His nickname "Boss Man" was given to him while being a member of the Boss Racing team and the way he performed in his class (17 expert) during 1989. During 1990 he participated in eighteen National Bicycle League (NBL) Nationals as an 18 Expert while riding for L & S Racing Products and White Bear Racing, he won fifteen mains. Also, during 1990 Rayner rode for both L & S Racing (for ABA) and White Bear Racing (for NBL) at the same time. He was known for his power and great gate starts. He was considered to be a super fast 18 Expert by Supercross BMX Products.

==Racing career==

| Milestone | Event Details |
|---|---|
| Started racing: | At age 12 in early 1983 at the Howard County track in West Friendship, Maryland. He just enjoyed riding bicycles fast. His first bicycle was a Mongoose from a local department store. Before BMX he played football and basketball. |
| Sanctioning body: |  |
| First race bike: | Mongoose |
| First race result: |  |
| Home sanctioning body district(s): | American Bicycle Association (ABA) Maryland 1983-1990 |
| First win (local): |  |
| First sponsor: | Princeton Sports |
| First national race result: | Did not transfer (missed moto 2) at the 1985 National Bicycle League (NBL) in Brookville, Ohio |
| First national win: | Day 2 at the 1986 National Bicycle Leaque (NBL)in Dayton, Ohio |
| Turned Professional: | January 1990 at 19 years of age (NBL Super Class only) |
| First Professional race result: |  |
| First Professional win: |  |
| Height and weight at height of his career: | Ht:6'4" Wt:220 lbs. |
| Retired: | 1990, just before the National Bicycle Leaque (NBL) Grands |

===Career factory and major bike shop sponsors===

Note: This listing only denotes the racer's primary sponsors. At any given time a racer could have numerous ever changing co-sponsors. Primary sponsorships can be verified by BMX press coverage and sponsor's advertisements at the time in question.

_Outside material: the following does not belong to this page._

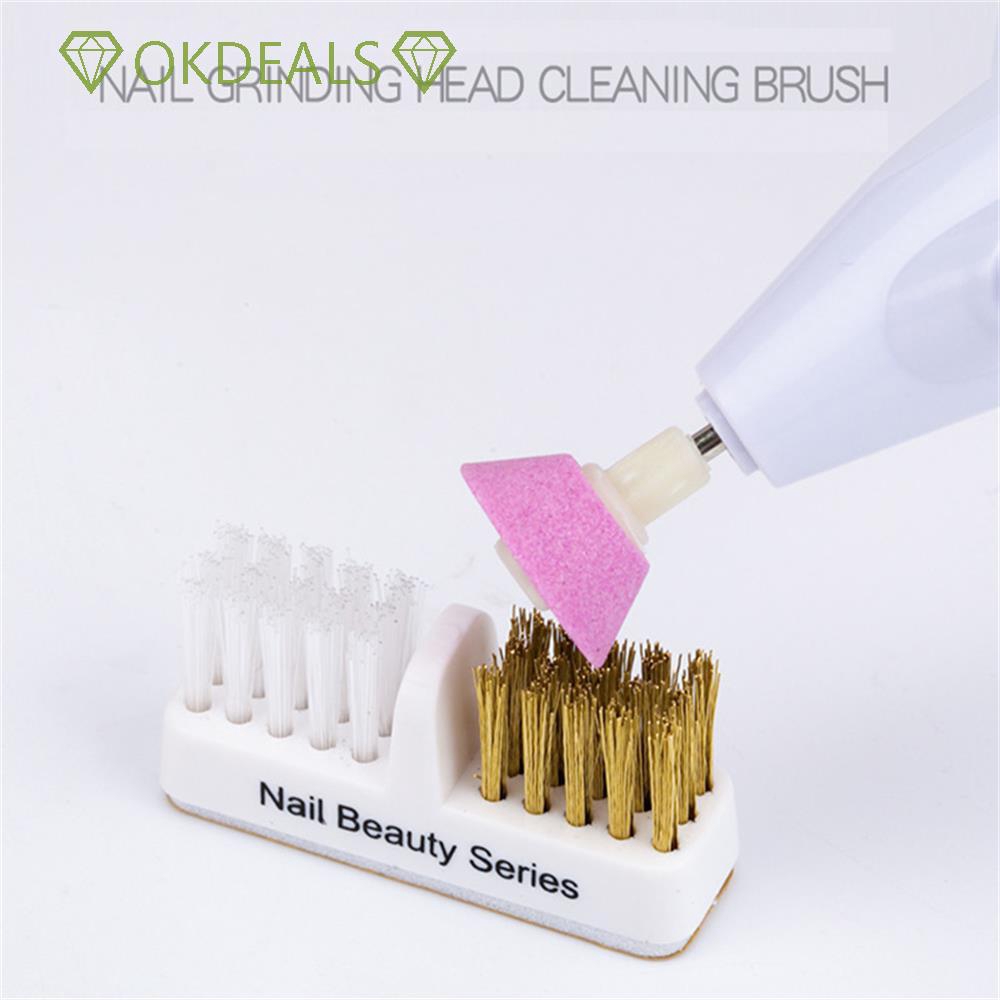 Dụng Cụ Làm Móng Chuyên Nghiệp OKDEALS|Cọ Làm Sạch Móng Tay Nghệ Thuật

When possible, exact dates are given.

====Amateur====
- ELF Racing Products: 1987
- Boss Racing Products: 1988
- L & S Racing Products: 1989
- L & S Racing Products (ABA): 1990
- White Bear Products (NBL): 1990

====Professional====
- Supercross BMX Products: 1990
- Goodtime Racing: 1990

===Career bicycle motocross titles===

Note: Listed are District, State/Provincial/Department, Regional, National, and International titles in italics. "Defunct" refers to the fact of that sanctioning body in question no longer existing at the start of the racer's career or at that stage of his/her career. Depending on point totals of individual racers, winners of Grand Nationals do not necessarily win National titles. Series and one off Championships are also listed in block.

====Amateur====
National Bicycle Association (NBA)
- None
National Bicycle League (NBL)
- 1985 Delaware State Champion
- 1987 16 & Over Open Grandnational (first racer to win this race at the age of 16)
- 1988 17 Expert Grandnational Champion
American Bicycle Association (ABA)
- None

====Professional====
National Bicycle Association (NBA)

National Bicycle League (NBL)

American Bicycle Association (ABA)

United States Bicycle Motocross Association (USBA)

International Bicycle Motocross Federation (IBMXF)

Pro Series Championships

===Notable accolades===
- 1987, he became the first BMX racer to win the 16 & Over Open NBL Grandnational at the age of sixteen.
- 1889, he participated in eighteen National Bicycle League (NBL) Nationals as an 18 Expert and won fifteen.